=== Extracted records ===

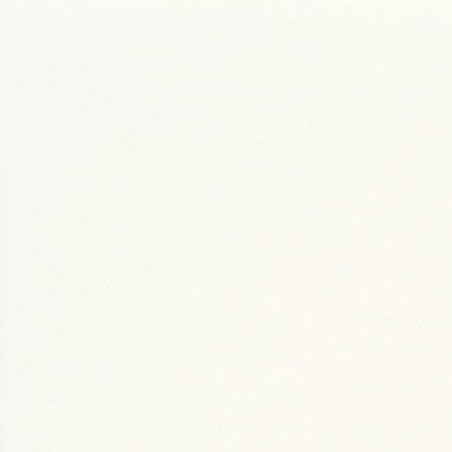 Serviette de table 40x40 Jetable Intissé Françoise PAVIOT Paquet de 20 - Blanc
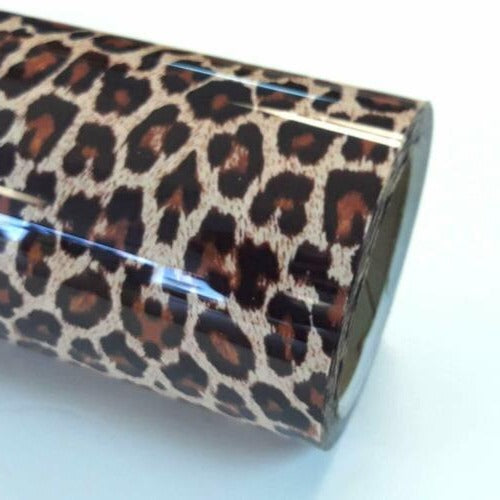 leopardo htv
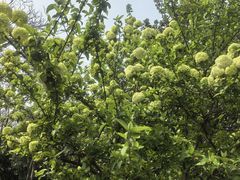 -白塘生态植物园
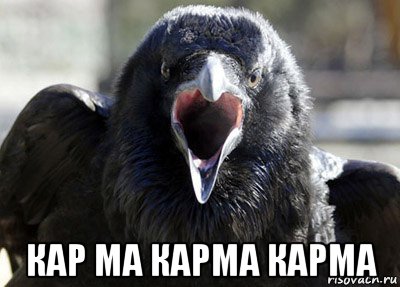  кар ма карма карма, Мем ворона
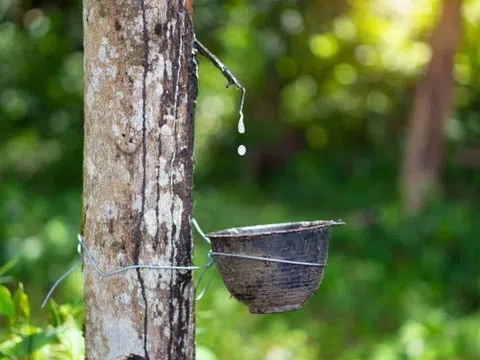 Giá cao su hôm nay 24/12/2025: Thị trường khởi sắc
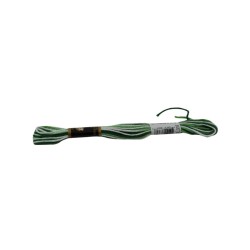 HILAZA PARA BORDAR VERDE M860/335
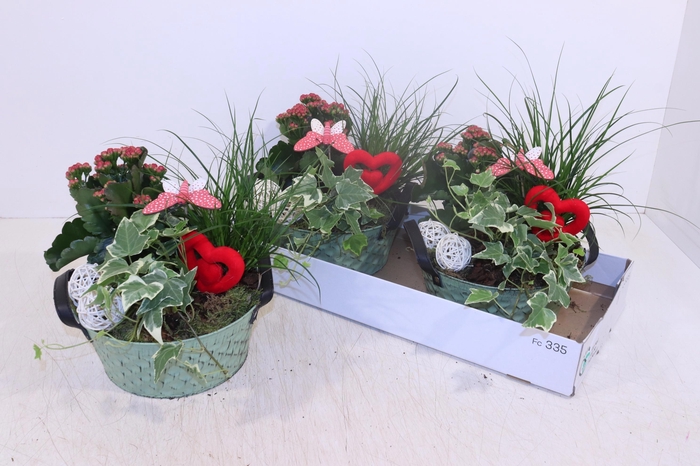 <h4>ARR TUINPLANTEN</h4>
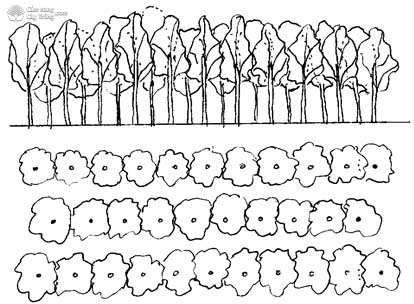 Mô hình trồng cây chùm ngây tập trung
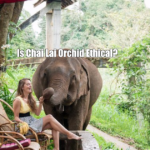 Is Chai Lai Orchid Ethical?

===
=== Extracted records ===

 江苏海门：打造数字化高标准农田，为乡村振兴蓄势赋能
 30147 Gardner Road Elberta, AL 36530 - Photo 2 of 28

===

[The problem]
Look above for the line with "Serviette de table"; quote it and every line after it, stopping after the line with "Is Chai Lai Orchid Ethical?", exactly, with nothing added and without pictures.

[Expected output]
 Serviette de table 40x40 Jetable Intissé Françoise PAVIOT Paquet de 20 - Blanc
 leopardo htv
 -白塘生态植物园
  кар ма карма карма, Мем ворона
 Giá cao su hôm nay 24/12/2025: Thị trường khởi sắc
 HILAZA PARA BORDAR VERDE M860/335
 <h4>ARR TUINPLANTEN</h4>
 Mô hình trồng cây chùm ngây tập trung
 Is Chai Lai Orchid Ethical?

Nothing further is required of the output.